It might be interesting for bugfixing as Bob pointed out already. But for "Node"-Bugfixing it's much better to dump the searchtree and analysis it! That's the way i do handle these kind of problems.

Do you ever try to dump your searchtree and use your own tool for graphic analysis ?

Best,
Daniel

Daniel Mehrmann · Post by **Daniel Mehrmann** » Thu Oct 01, 2009 9:06 am

I don have to accept any point of view. I only supply opportunities.

And of course the most important thing: this feature is useful to _me_,

I expected these views from your side!

It's good for your engine, okay. But you started to add protocol extensions not for _YOU_, you started to add things for other programmers!!

You can't say what's good to me , is good for the rest of the world.
You just added things which are interesting for _YOU_.

Not everything you added to the wbp is bad of course. And why not add these NPS stuff. But i'm missing a general view of things from your side. You just see your own problems and ideas, but you just ignore you're living not alone in the chessprogramming world.

You should take some time and think about it.
I don't wanna blame you and your work on X-/Winboard isn't bad at all, but i just wanna show you you missed something.

Best,
Daniel

hgm · Post by **hgm** » Thu Oct 01, 2009 10:54 am

bob wrote:How do I do that? My nps varies by a factor of 2-3x from opening to endgame. Which NPS do I pick? And how do I prevent the distortion I just mentioned? Try to pick opponents that have exactly the same NPS changes over the game? Not so easy.

If I were you, I would try to fix the method of node counting in my own engine so that it would no longer have this variation. There must be a reason for this variation. You mention a very expensive evaluation term, used before castling. Well, if 85% of your time use is evaulation, count evaluations, and count those that contain that term double. If tablebase probes take 5 times as long as evaluations, add the probes to the count and count them for 5.

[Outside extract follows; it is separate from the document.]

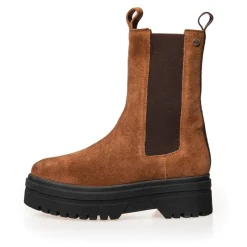 Hot Copenhagen Shoes Dame Gående Ruskind København Støvler 0241 Cognac Brun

WB protocol does not specify exactly what the node count means, and it would be impossible to do this anyway, as it is dependent on implementation details. So there is no need to report a true count of nodes in the tree. Micro-Max counts IID iterations in stead, because it does move generation anew for every iteration, and spends most of its time on that. And as it does IID in every node, it means that each internl node will be counted as many. Who cares? As long as you report the same count in the Thinking Output as what you base your timing decisions on, node-based play under WinBoard will work.

And if you cannot or do not want to do that, than this method is simply not for you, because your engine has too variable a node rate. But that doesn't mean it is not worth having, as others have engines that do not have this problem, or use the facility for purposes where they do not care about this problem. Unlike Crafty, WinBoard is not a "Bob-only" project...

hgm · Post by **hgm** » Thu Oct 01, 2009 11:05 am

Daniel Mehrmann wrote:Do you ever try to dump your searchtree and use your own tool for graphic analysis ?

I do equivalent things, but before I can do them, I need to have an error that occurs reproducibly. I learn nothing from a tree dump where no error occurs. And it is not fesible to save tree dumps of every search in a few thousand games to be able to analyze why my engine crashed in that last game.

So the first step to debugging is always to find a position where a reproducible error occurs. Otherwise you cannot even start debugging, no matter what fancy tools you have developed for it. And node-based time-controls are one convenient way to achieve that, without any need for clearing the hash table before every move. It makes the games _exactly_ reproducible, (my engines randomize, but of course I save the random seed for every game in their log file), and if my engine crashes in move 89 of game 998, I just have to replay that game (i.e. using that random seed) and switch on the tree dump on move 89.

Daniel Mehrmann · Post by **Daniel Mehrmann** » Thu Oct 01, 2009 11:21 am

hgm wrote:
Daniel Mehrmann wrote:Do you ever try to dump your searchtree and use your own tool for graphic analysis ?
I do equivalent things, but before I can do them, I need to have an error that occurs reproducibly.....rest deleted

Do you really think i didn't know all stuff ? I didn't say how i use a dump or in which stages i do it exactly. So, please don't tell me how you do it or in which cases. If i have a problem i would ask for it.

Best,
Daniel

ps: It seems to be that all your postings going this way und i guess you just wanna help. Thanks for that, but i don't need it.

Daniel Mehrmann · Post by **Daniel Mehrmann** » Thu Oct 01, 2009 11:28 am

hgm wrote: If I were you, I would try to fix the method of node counting in my own engine so that it would no longer have this variation.

You're kidding ? Do you ?

Every engine has this NPS variation based on the stages in a chessgame. That's simply a fact based on material and moves.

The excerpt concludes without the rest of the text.